Make the beaten and conquered pallid, with brows raised and knit together, and let the skin above the brows be all full of lines of pain; at the sides of the nose show the furrows going in an arch from the nostrils and ending where the eye begins, and show the dilatation of the nostrils which is the cause of these lines; and let the lips be arched displaying the upper row of teeth, and let the teeth be parted after the manner of such as cry in lamentation. Show someone using his hand as a shield for his terrified eyes, turning the palm of it towards the enemy, and having the other resting on the ground in support the weight of his body; let others be crying out with their mouths wide open, and fleeing away. Put all sorts of armor lying between the feet of the combatants, such as broken shields, lances, swords, and other things like these. Make the dead, some half-buried in dust, others with the dust all mingled with the oozing blood and changing into crimson mud; and let the line of the blood be discerned by its color, flowing in a sinuous stream from the corpse to the dust. Show others in the death agony grinding their teeth and rolling their eyes, with clenched fists grinding against their bodies and with legs distorted.
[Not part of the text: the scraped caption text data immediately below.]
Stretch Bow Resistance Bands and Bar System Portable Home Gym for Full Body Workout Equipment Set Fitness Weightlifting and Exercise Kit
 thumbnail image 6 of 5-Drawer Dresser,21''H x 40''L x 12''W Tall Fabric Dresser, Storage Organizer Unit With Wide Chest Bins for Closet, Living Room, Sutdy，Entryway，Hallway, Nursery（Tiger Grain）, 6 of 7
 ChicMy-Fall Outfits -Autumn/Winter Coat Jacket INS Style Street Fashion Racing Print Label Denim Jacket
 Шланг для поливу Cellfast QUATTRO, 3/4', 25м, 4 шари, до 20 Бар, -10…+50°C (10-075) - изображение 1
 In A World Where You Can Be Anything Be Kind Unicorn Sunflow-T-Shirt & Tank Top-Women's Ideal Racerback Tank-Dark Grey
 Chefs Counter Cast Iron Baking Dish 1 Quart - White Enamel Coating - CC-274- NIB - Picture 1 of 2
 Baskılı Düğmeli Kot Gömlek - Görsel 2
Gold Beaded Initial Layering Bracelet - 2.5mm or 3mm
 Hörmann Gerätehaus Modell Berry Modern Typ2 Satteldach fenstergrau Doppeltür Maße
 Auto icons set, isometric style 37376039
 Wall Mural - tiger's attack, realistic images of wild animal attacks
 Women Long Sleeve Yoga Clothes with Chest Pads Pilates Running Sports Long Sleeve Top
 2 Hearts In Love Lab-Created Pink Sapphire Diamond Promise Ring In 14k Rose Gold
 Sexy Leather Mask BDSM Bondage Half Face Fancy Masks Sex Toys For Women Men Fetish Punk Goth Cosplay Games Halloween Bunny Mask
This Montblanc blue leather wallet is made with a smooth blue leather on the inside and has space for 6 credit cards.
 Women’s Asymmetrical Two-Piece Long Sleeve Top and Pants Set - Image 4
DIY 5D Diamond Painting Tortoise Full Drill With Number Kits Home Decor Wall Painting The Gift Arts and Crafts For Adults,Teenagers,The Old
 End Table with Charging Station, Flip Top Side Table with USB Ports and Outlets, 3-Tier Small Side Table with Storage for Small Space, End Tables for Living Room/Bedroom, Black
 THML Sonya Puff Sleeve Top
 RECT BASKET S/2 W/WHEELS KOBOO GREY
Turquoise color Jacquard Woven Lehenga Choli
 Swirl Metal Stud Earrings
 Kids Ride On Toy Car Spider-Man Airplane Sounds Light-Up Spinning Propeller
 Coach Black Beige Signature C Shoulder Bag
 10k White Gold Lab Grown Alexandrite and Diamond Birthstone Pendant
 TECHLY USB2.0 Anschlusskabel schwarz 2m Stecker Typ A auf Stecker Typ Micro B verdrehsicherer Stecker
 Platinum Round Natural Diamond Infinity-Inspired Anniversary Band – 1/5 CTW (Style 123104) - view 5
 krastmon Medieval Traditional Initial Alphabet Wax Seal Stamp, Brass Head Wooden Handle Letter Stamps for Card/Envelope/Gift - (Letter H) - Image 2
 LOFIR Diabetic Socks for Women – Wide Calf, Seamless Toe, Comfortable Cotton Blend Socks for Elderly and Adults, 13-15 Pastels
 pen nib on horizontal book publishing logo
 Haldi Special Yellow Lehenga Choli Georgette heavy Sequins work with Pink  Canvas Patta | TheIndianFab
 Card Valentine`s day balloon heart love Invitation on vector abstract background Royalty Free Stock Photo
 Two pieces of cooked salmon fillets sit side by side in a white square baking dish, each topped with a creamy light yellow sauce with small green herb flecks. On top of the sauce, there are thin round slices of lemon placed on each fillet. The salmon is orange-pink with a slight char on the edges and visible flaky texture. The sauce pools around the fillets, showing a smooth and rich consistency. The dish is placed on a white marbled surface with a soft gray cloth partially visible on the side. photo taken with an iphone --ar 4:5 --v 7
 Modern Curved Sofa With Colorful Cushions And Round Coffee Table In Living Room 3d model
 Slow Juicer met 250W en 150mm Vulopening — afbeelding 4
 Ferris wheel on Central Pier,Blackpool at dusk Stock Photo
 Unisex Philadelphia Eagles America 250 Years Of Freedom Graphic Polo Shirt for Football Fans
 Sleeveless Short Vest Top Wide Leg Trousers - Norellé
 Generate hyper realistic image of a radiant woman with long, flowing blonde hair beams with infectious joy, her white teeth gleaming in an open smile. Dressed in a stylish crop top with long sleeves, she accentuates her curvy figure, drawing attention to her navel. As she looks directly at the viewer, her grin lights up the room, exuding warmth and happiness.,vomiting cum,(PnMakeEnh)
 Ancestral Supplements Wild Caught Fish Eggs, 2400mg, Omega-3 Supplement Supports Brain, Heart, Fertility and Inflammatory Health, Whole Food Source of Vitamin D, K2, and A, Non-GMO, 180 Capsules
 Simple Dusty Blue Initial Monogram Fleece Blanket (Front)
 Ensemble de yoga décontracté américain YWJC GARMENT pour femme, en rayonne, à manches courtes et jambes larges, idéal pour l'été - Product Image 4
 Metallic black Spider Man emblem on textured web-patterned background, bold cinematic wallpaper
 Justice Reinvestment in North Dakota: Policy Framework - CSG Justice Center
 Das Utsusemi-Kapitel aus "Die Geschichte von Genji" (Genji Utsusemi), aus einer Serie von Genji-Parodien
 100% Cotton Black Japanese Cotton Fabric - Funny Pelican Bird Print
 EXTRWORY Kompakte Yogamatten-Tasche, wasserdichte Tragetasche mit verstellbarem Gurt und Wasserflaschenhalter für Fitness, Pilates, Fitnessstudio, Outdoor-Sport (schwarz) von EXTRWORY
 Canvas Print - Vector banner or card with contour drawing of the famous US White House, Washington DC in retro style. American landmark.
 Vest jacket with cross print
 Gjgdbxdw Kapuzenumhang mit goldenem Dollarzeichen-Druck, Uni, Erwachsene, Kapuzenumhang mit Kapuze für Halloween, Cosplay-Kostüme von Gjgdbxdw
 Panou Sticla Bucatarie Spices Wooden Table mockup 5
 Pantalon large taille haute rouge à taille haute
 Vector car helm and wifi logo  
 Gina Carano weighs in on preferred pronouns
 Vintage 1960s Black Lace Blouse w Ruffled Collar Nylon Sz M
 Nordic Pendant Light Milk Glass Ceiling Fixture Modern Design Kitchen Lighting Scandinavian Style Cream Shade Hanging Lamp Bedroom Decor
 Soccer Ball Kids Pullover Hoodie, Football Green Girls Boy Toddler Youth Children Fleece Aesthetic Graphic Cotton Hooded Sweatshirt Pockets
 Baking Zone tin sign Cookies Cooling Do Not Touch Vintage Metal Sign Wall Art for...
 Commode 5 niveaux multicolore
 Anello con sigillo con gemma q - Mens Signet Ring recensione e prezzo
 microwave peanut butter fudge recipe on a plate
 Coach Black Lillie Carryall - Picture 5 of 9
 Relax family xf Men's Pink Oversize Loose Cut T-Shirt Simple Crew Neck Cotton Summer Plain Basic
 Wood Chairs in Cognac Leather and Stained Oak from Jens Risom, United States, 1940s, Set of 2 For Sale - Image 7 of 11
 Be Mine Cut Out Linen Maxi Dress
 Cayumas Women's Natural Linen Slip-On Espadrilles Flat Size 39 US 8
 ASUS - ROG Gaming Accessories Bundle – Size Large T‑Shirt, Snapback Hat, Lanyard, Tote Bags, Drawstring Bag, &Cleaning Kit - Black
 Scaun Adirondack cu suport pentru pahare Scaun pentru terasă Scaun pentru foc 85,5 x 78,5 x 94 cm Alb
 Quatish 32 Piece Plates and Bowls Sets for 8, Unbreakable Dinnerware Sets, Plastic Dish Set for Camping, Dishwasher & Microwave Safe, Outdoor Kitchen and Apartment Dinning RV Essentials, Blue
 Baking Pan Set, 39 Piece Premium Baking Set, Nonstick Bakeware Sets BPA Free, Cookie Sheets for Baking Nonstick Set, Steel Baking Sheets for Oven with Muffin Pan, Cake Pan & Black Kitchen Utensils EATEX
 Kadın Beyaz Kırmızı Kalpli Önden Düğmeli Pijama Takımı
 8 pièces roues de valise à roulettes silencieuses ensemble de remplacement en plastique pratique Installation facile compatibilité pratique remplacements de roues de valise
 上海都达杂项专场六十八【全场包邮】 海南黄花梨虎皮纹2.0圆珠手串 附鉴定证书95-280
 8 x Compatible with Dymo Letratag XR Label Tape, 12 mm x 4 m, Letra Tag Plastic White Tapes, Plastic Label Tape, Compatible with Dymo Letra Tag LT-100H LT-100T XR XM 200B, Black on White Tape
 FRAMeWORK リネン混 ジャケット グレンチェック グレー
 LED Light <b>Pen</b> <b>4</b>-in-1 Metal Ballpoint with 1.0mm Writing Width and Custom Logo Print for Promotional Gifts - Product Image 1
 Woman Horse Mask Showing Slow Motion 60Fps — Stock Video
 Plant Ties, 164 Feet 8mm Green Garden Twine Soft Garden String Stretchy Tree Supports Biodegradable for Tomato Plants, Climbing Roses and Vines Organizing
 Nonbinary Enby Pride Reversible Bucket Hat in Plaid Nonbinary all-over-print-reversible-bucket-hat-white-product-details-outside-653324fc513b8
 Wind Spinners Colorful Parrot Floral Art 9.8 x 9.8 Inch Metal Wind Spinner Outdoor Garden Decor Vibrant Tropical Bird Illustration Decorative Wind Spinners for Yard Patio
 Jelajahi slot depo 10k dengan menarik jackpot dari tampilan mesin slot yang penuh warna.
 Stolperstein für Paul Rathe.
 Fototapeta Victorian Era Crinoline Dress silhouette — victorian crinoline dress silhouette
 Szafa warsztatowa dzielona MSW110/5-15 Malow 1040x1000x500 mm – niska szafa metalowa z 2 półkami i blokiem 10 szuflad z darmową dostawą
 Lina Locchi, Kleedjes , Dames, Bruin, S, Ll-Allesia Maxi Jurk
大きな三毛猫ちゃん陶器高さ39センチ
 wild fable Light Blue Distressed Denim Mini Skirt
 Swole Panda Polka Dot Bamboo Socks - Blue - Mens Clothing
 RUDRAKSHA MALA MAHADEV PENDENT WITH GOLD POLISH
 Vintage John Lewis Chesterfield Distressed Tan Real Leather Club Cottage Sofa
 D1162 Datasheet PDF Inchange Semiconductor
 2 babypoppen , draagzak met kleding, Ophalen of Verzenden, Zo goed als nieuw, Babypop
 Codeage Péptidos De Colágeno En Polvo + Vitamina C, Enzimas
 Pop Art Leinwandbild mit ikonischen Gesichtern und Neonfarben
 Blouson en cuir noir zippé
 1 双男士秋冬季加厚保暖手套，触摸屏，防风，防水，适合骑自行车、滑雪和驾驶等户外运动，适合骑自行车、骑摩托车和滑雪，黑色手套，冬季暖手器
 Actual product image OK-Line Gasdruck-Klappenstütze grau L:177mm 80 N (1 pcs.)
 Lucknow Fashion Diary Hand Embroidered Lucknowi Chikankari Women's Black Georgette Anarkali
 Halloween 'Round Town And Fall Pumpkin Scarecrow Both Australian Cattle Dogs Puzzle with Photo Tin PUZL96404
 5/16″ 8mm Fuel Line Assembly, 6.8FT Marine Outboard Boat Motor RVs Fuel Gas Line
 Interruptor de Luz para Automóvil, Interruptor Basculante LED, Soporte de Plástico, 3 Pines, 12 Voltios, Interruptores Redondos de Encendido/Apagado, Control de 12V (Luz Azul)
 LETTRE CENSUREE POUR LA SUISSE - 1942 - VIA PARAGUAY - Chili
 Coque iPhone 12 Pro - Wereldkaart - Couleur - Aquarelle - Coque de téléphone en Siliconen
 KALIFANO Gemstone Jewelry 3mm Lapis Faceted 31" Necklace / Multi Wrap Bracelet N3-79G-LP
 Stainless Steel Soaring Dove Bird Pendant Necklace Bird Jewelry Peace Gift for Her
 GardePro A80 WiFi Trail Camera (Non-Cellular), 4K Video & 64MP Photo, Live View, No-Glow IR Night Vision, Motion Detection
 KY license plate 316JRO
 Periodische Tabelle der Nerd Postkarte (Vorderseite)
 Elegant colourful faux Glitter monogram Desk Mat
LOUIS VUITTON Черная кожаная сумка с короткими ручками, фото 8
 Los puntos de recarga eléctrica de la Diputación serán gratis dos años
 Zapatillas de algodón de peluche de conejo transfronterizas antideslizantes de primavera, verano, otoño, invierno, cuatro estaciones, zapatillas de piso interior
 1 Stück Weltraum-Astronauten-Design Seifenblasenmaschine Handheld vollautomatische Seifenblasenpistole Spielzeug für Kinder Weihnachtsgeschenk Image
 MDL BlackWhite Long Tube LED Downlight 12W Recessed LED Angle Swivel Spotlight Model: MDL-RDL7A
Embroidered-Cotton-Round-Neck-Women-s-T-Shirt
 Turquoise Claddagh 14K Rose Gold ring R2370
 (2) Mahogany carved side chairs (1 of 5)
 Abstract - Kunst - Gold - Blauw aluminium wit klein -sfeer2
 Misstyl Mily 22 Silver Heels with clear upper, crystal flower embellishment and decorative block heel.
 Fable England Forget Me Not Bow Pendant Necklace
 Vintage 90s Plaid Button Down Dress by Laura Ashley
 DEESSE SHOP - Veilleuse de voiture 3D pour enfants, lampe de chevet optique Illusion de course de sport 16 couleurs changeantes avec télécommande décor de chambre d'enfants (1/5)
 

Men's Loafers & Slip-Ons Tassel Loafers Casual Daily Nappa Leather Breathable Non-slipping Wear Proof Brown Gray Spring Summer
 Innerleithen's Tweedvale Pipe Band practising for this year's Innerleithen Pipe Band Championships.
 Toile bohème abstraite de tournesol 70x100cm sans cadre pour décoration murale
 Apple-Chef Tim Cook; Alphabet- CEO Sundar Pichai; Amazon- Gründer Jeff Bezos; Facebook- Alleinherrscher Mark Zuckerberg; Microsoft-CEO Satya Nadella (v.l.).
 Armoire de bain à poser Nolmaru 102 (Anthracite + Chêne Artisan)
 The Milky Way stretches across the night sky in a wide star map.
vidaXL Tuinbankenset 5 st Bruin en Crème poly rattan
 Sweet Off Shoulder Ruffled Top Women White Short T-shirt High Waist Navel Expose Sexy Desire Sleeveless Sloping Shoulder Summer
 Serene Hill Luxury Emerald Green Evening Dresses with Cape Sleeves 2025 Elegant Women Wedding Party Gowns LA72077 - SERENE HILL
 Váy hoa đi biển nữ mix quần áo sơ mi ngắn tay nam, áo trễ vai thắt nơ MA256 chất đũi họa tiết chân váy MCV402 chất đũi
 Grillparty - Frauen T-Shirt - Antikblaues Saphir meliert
Then you might show on, disarmed and struck down by the enemy, turning on him with teeth and nails to take fierce and inhuman vengeance; and let a riderless horse be seen galloping with mane streaming in the wind, charging among the enemy and doing them great mischief with his hoofs.

You may see there one of the combatants, maimed and fallen on the ground, protecting himself with his shield, and the enemy bending down over him and striving to give him the fatal stroke; there might also be seen many men fallen in a heap on top of a dead horse; and you should show some of the victors leaving the combat and retiring apart from the crowd, and with both hands wiping away from eyes and cheeks the thick layer of mud caused by the smarting of their eyes from the dust.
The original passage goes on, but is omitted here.